Available data:
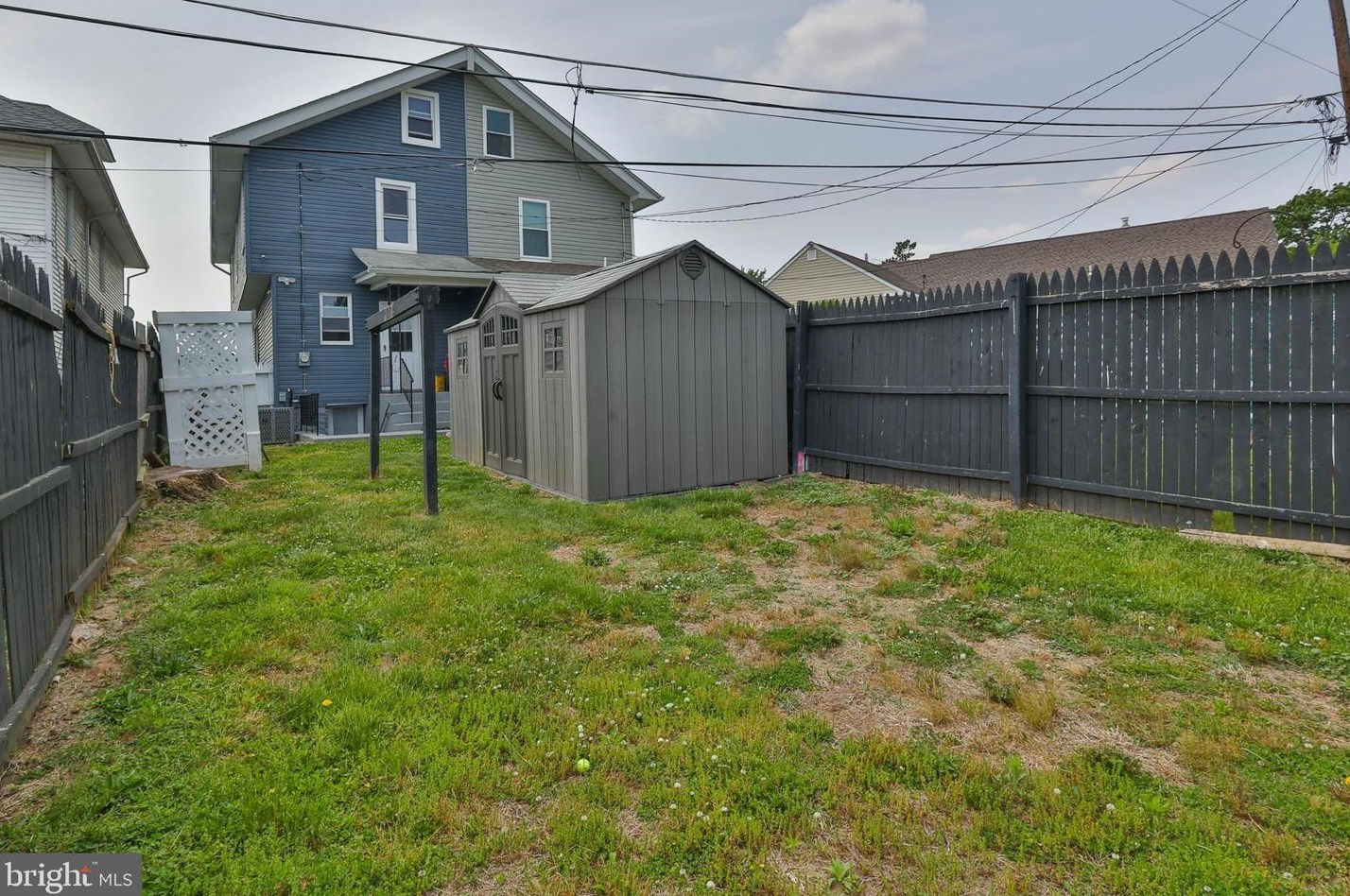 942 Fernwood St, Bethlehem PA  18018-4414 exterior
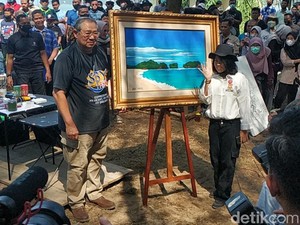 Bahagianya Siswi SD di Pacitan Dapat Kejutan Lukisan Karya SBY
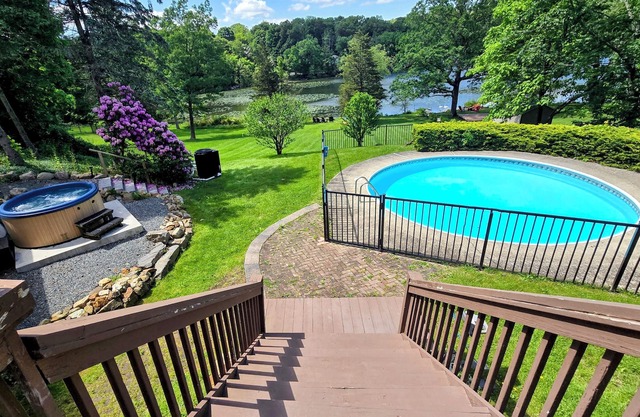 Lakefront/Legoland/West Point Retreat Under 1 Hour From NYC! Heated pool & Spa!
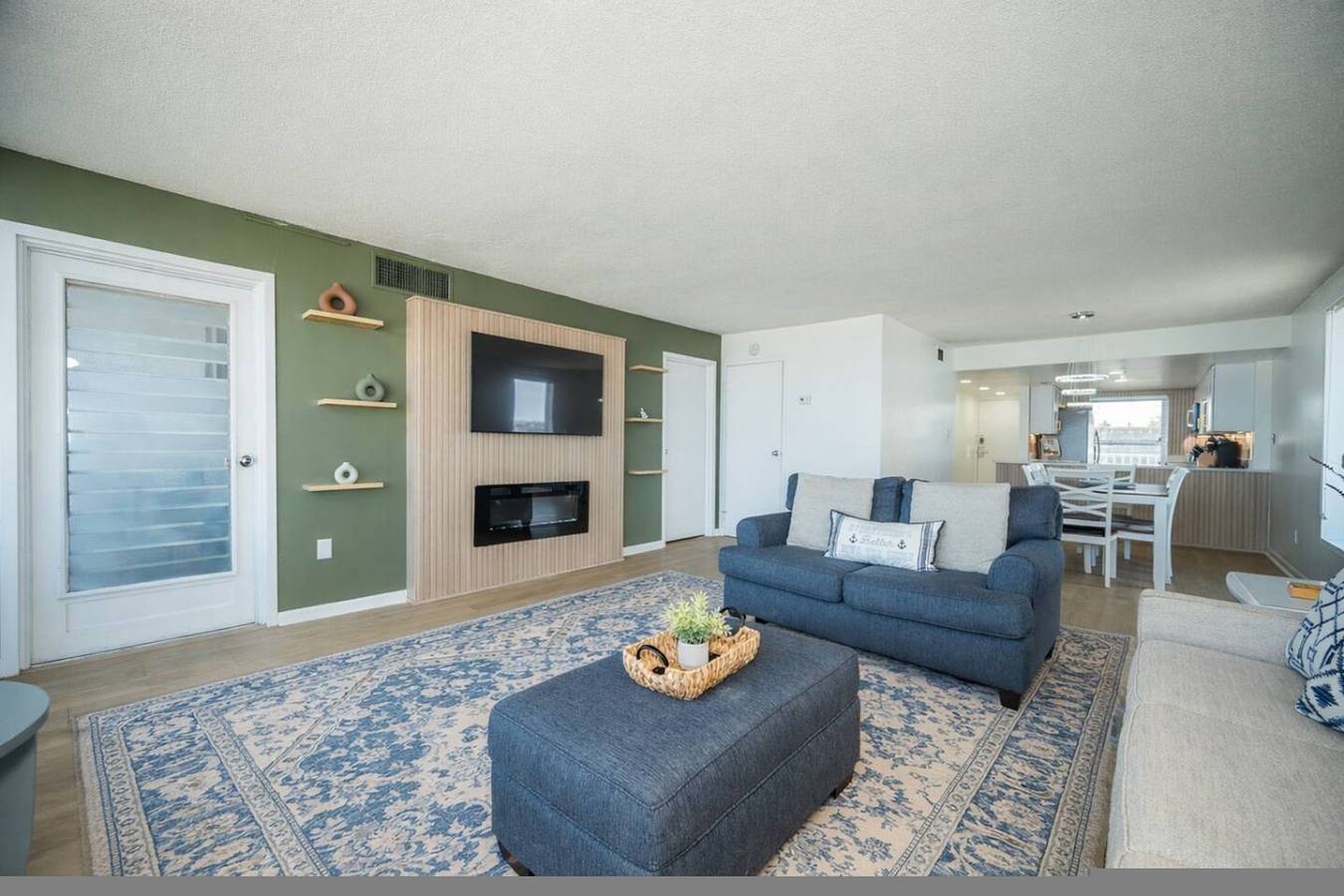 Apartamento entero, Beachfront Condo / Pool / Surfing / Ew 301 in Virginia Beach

---

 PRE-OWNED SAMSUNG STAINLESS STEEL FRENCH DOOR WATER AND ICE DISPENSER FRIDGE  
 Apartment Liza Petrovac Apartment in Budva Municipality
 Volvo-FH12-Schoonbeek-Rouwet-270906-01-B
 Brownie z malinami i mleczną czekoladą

Prompt:
Please reproduce, exactly as they appear above, the lines from the line containing "Volvo-FH12-Schoonbeek-Rouwet-270906-01-B" up to and including the line containing "Brownie z malinami i mleczną czekoladą".

Written answer:
 Volvo-FH12-Schoonbeek-Rouwet-270906-01-B
 Brownie z malinami i mleczną czekoladą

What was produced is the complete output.